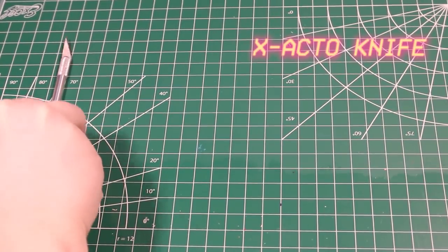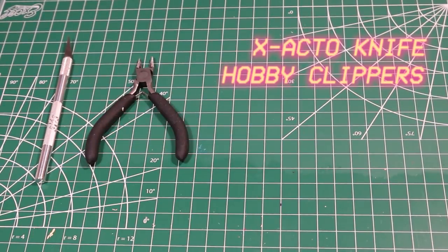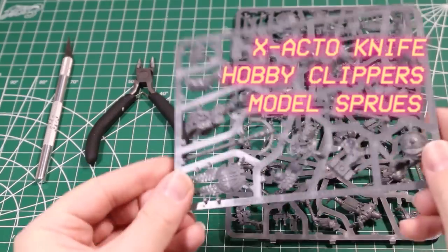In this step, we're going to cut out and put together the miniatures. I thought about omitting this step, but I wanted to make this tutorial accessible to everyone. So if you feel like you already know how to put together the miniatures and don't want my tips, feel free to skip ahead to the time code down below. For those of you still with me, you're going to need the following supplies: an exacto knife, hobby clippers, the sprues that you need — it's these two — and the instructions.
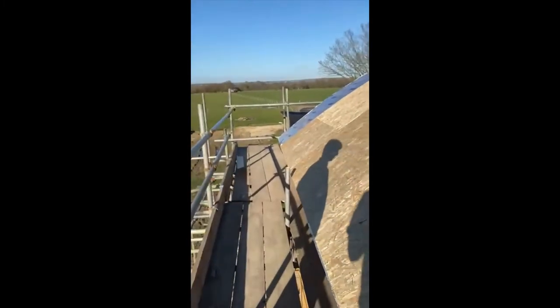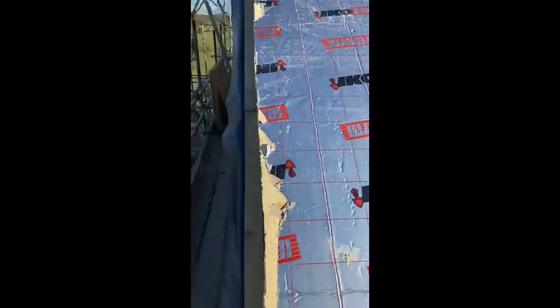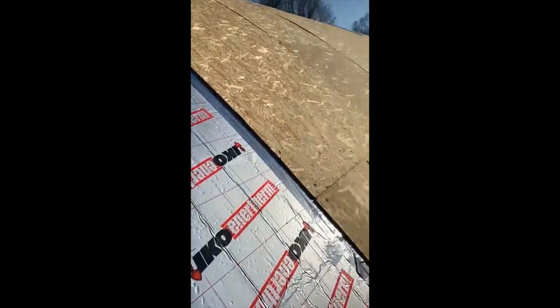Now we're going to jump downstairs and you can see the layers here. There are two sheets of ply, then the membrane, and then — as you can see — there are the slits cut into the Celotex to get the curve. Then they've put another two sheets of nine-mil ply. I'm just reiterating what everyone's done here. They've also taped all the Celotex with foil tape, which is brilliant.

━━━━━━━━━━━━━━━━━━━━

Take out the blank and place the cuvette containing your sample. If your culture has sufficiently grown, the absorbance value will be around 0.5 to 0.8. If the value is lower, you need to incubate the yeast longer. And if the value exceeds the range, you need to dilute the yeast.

━━━━━━━━━━━━━━━━━━━━

# Work instruction
Write back word for word every line in the entries above from the one with "In this step, we're" to the one with "Now we're going", ends included, and none of the pictures.

# Response for this exercise
In this step, we're going to cut out and put together the miniatures. I thought about omitting this step, but I wanted to make this tutorial accessible to everyone. So if you feel like you already know how to put together the miniatures and don't want my tips, feel free to skip ahead to the time code down below. For those of you still with me, you're going to need the following supplies: an exacto knife, hobby clippers, the sprues that you need — it's these two — and the instructions.
Now we're going to jump downstairs and you can see the layers here. There are two sheets of ply, then the membrane, and then — as you can see — there are the slits cut into the Celotex to get the curve. Then they've put another two sheets of nine-mil ply. I'm just reiterating what everyone's done here. They've also taped all the Celotex with foil tape, which is brilliant.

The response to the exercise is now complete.